Namun Pemilu 2024 menghadirkan kenyataan pahit. Untuk pertama kalinya dalam lima dekade, PPP gagal lolos ke Senayan. Hanya 3,8 persen suara diraih, jauh di bawah ambang batas parlemen 4 persen. Titik nadir ini menjadi tamparan keras sekaligus ancaman eksistensial.
Kini menjelang Muktamar X PPP pada 27-29 September 2025 di Jakarta, sorotan tertuju pada kursi Ketua Umum. Alih-alih fokus menyusun strategi kebangkitan, partai justru kembali terseret ke pola lama: konflik internal, manuver elite, dan perebutan kuasa.
Mardiono dan Bayang-Bayang Kegagalan
Plt Ketua Umum Muhammad Mardiono berada di pusat pusaran. Sebagai nakhoda terakhir, ia dianggap gagal membawa PPP melewati palang pintu parlemen. Forum Musyawarah Nasional Ulama di Cirebon, yang dihadiri KH Mustofa Aqil Siraj dan Romahurmuziy, terang-terangan meminta Mardiono tidak maju lagi.
Namun Mardiono tetap bergerak. Ia sowan ke kiai, menggalang dukungan daerah, dan mengirim sinyal siap melanjutkan kepemimpinan.
Figur Lama dan Harapan Baru
Nama lain pun muncul. Husnan Bay Fanani, mantan Wasekjen PPP yang kini memimpin Parmusi mencoba kembali. Ada pula M Idror Maimoen, putra ulama karismatik KH Maimoen Zubair dan elite internal seperti Amir Uskara, Arwani Thomafi, dan Taj Yasin Maimoen.
Dari luar partai, bayang-bayang figur nasional seperti Sandiaga Uno, Saifullah Yusuf dan Amran Sulaiman ikut memanaskan spekulasi.
Muncul pula wacana mengubah AD/ART agar tokoh eksternal bisa masuk gelanggang. Jika itu terjadi, pertarungan kursi ketum akan makin terbuka dan liar.
Bukan Sekadar Soal Figur
Namun pertanyaan mendasarnya: apakah pergantian figur cukup menyelamatkan PPP? Pengamat politik BRIN, Firman Noor menilai masalah PPP jauh lebih struktural. Aturan partai mudah di”pelintir” sesuai kepentingan kubu. Konflik internal dibiarkan berlarut. Intervensi pemerintah pun kerap memperkeruh suasana.
Suara PPP pun anjlok di Pemilu. Dari 10,7 persen suara pada 1999, 8,1 persen pada 2004, hingga jeblok ke 3,8 persen pada 2024. Tren yang konsisten menurun ini tak bisa dibantah.
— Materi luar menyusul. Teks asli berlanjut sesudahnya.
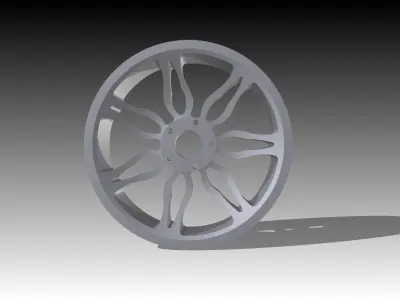 19 inch Car Rims 3D model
Partai Islam di Ambang Senjakala
PPP kini berada di persimpangan jalan. Di satu sisi, ada peluang lahirnya pemimpin baru yang mampu memulihkan kepercayaan umat dan memperbaiki mesin partai. Di sisi lain, ada risiko PPP kembali terjebak dalam siklus konflik internal yang membuat partai kian tenggelam.
Jika PPP gagal bangkit dari Muktamar X, partai Islam pertama yang hilang dari Senayan bisa benar-benar hilang dari panggung politik nasional. Senjakala yang dulu hanya bayangan, kini nyata di depan mata.
Muktamar kali ini bukan sekadar soal siapa yang duduk di kursi ketua umum. Ia adalah ujian eksistensi. Apakah PPP mampu melahirkan pembaruan, atau rela dicatat hanya sebagai catatan kaki dalam sejarah politik Indonesia.